Transcribe the full listing below, word for word, without pictures.

* [Data excerpt]
.....
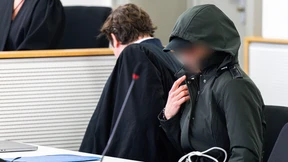 Sie sagt, er habe ihren Sohn unter der Dusche angefasst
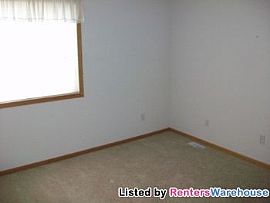 Beautiful 3/1.5ba Townhouse! in Dayton, MN (Photo 5 of 5)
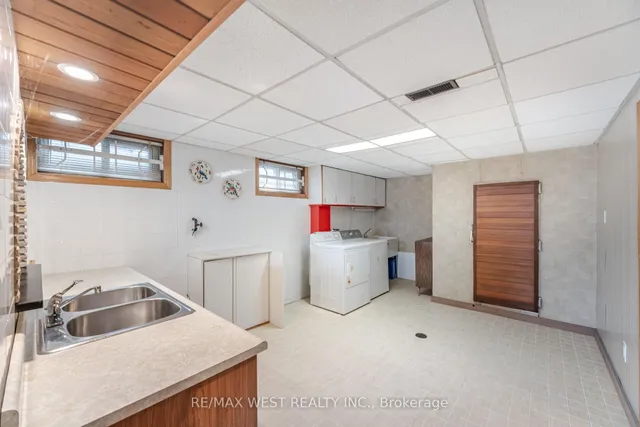 Additional image 23 of 94 Windhill Cres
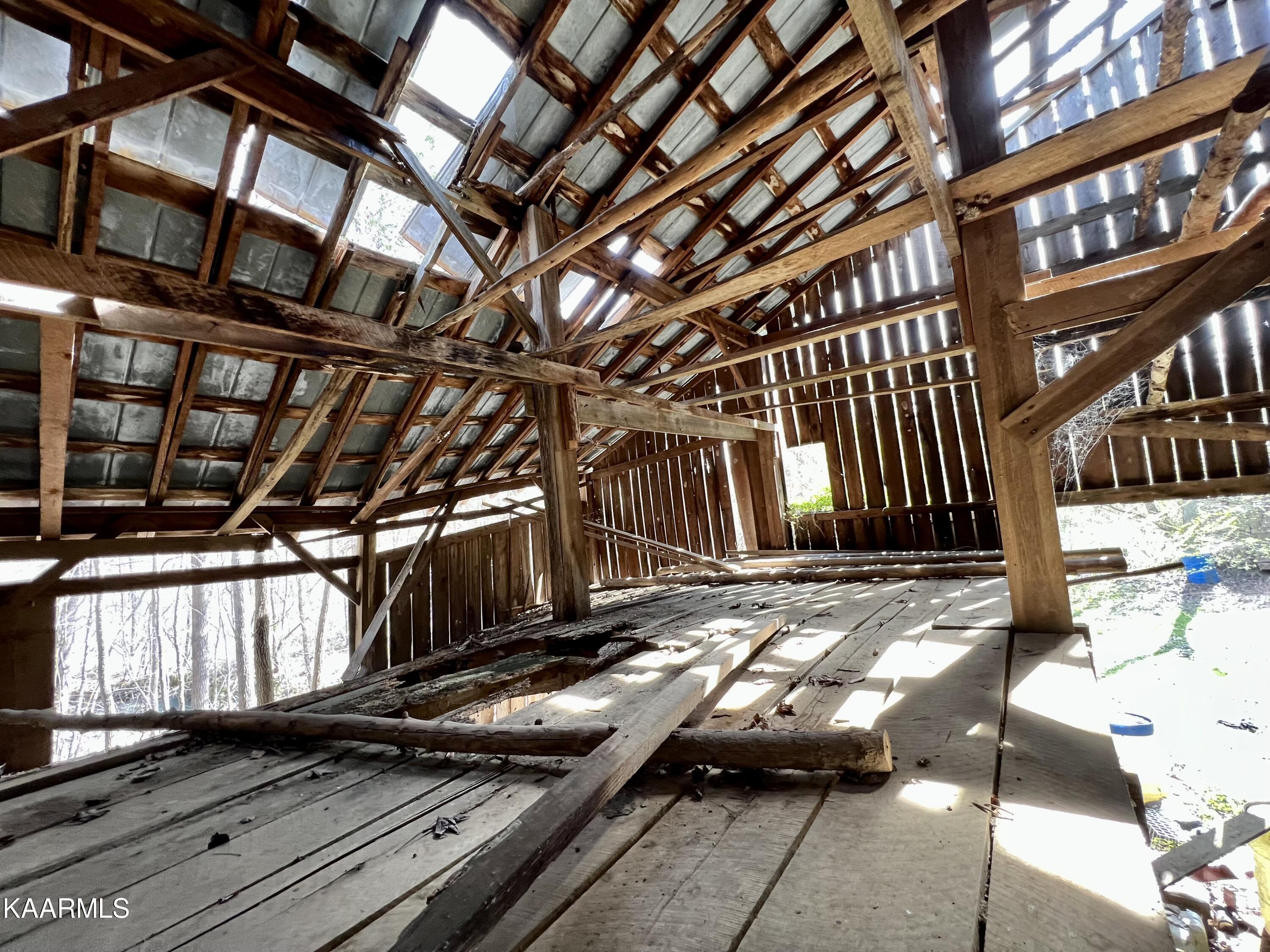 Ten Dry Fork Valley Road Philadelphia, TN 37846 - Photo 47 of 56 IMG_5522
.....
* [Response to the exercise]
 Sie sagt, er habe ihren Sohn unter der Dusche angefasst
 Beautiful 3/1.5ba Townhouse! in Dayton, MN (Photo 5 of 5)
 Additional image 23 of 94 Windhill Cres
 Ten Dry Fork Valley Road Philadelphia, TN 37846 - Photo 47 of 56 IMG_5522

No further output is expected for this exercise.